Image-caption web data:
================

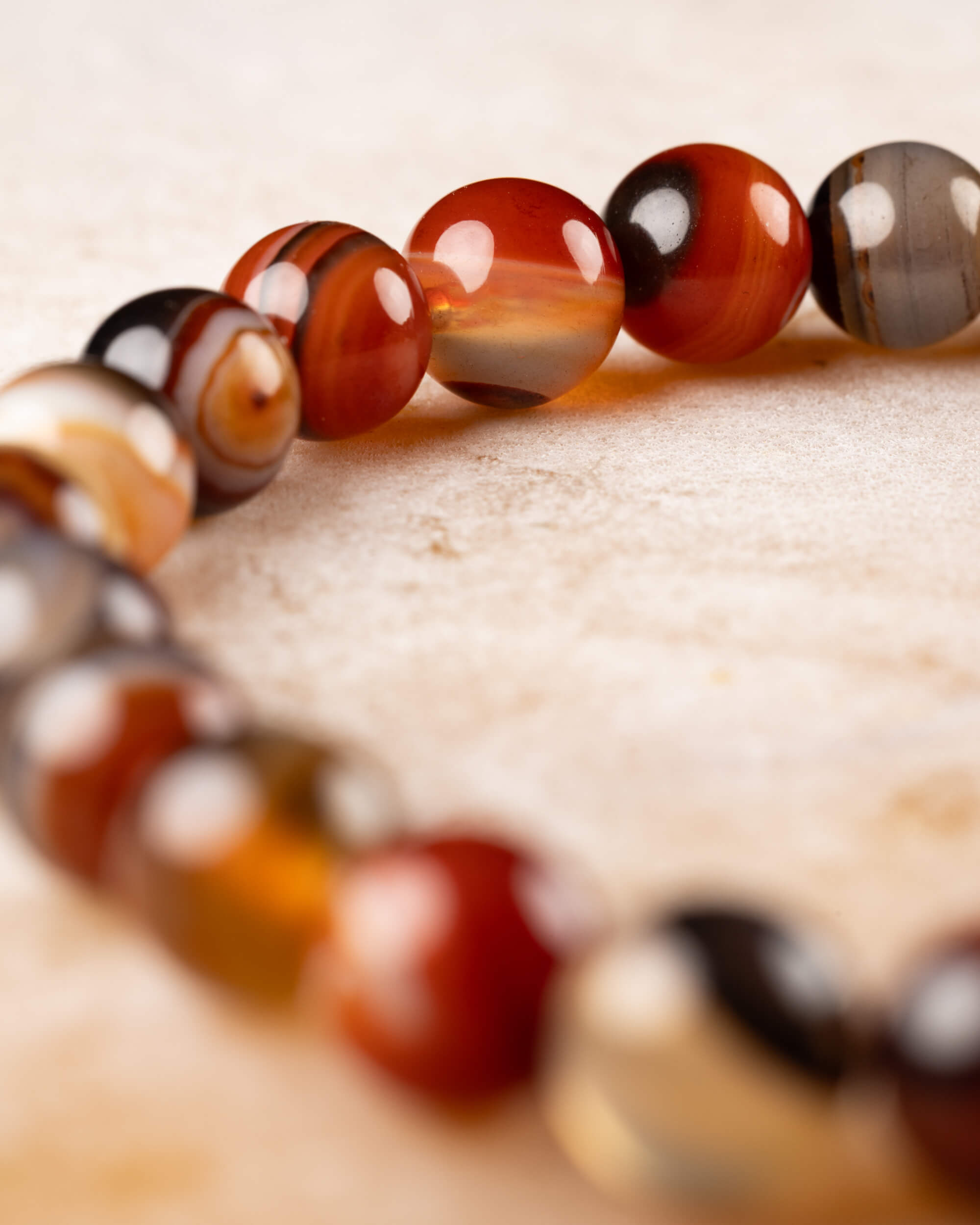 Pulsera de Cornalina Rojo y Negro 8 mm - Vitalidad y Fuerza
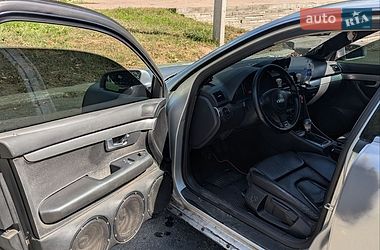 Седан Audi A4 2004 в Жовтих Водах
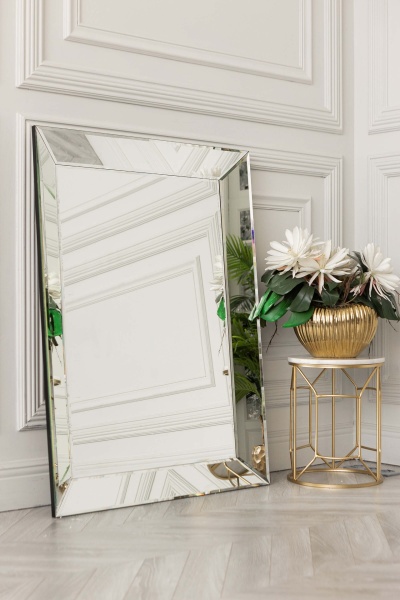 Зеркало Monna от интернет-магазина IDODOM.RU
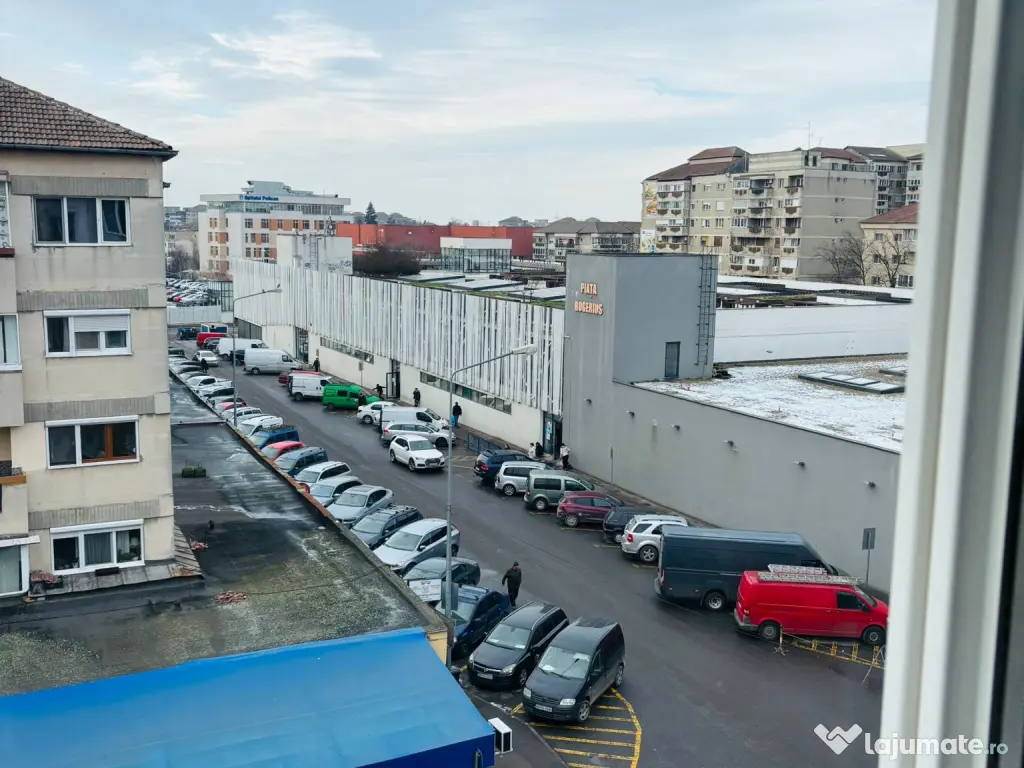 Vând apartament cu o cameră tip DP Rogerius 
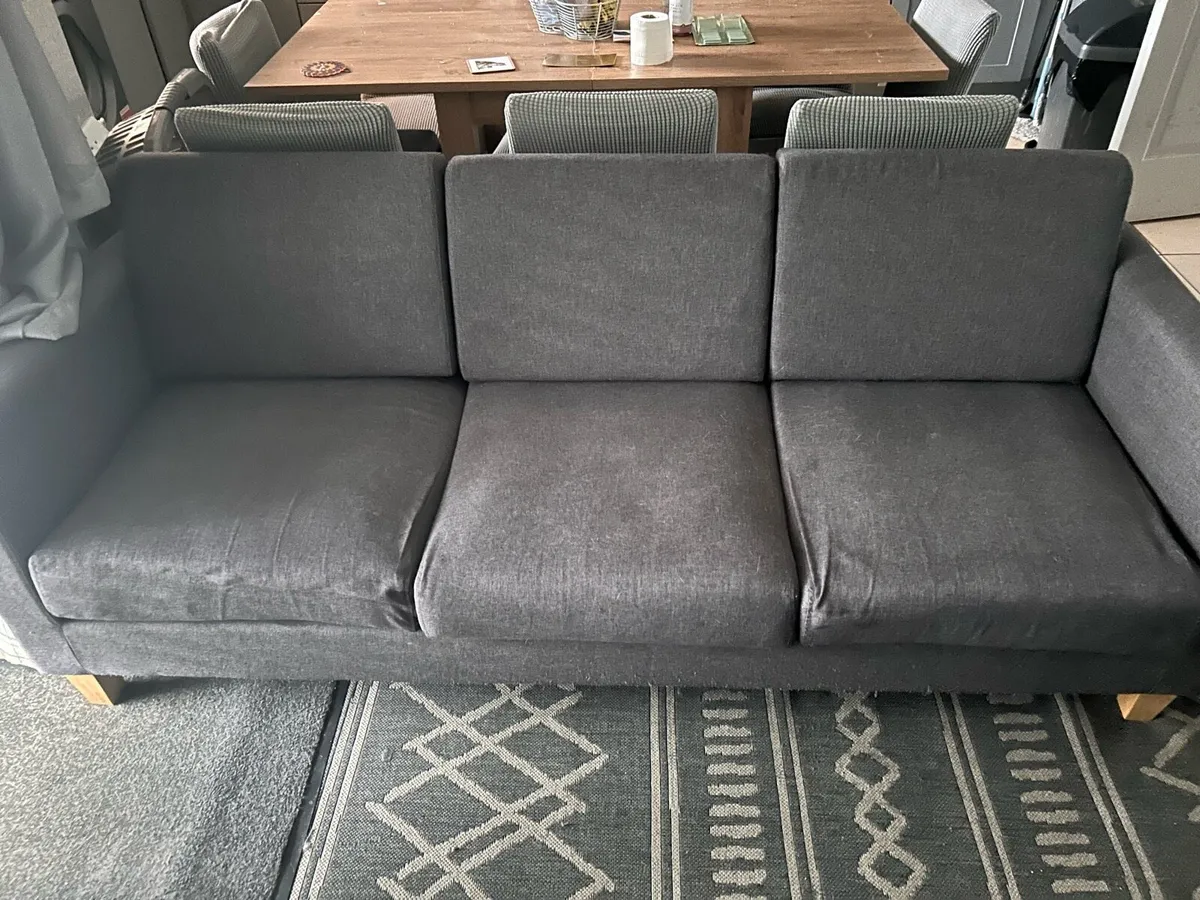 3 seater ikea sofa barely used - Image 1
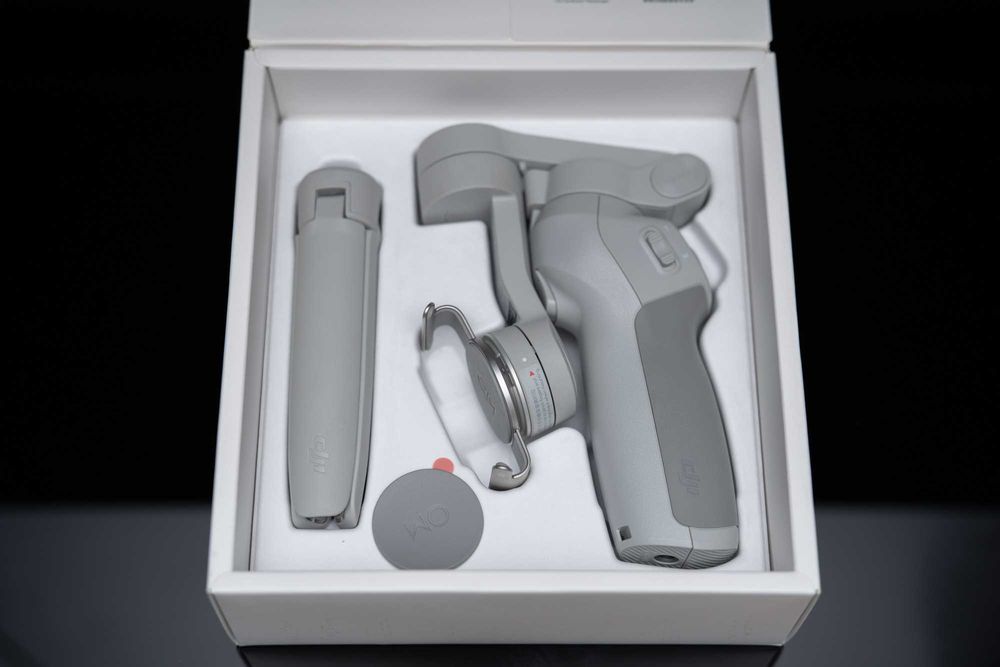 DJI Osmo Mobile 4 SE w świetnym stanie | OM4 gimbal stabilizator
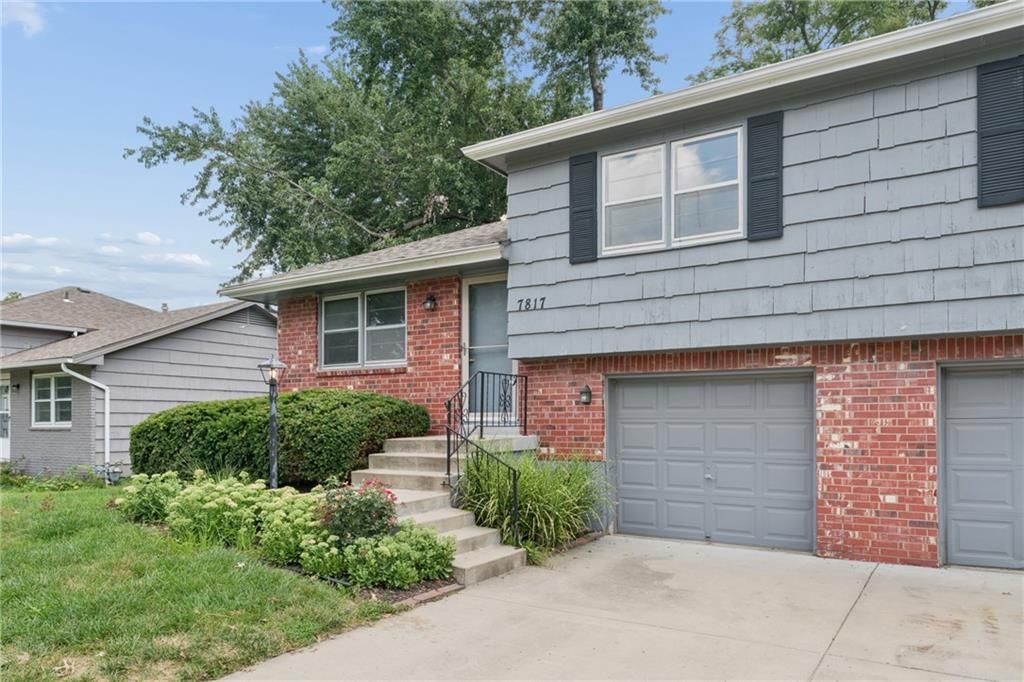 7817 England Drive — photo 2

================

TASK REQUIREMENTS:
Give again exactly the lines from the one holding "Зеркало Monna от интернет-магазина IDODOM.RU" to the final line of the records, both ends included; any pictures stay out.

SOLVED EXERCISE:
 Зеркало Monna от интернет-магазина IDODOM.RU
 Vând apartament cu o cameră tip DP Rogerius 
 3 seater ikea sofa barely used - Image 1
 DJI Osmo Mobile 4 SE w świetnym stanie | OM4 gimbal stabilizator
 7817 England Drive — photo 2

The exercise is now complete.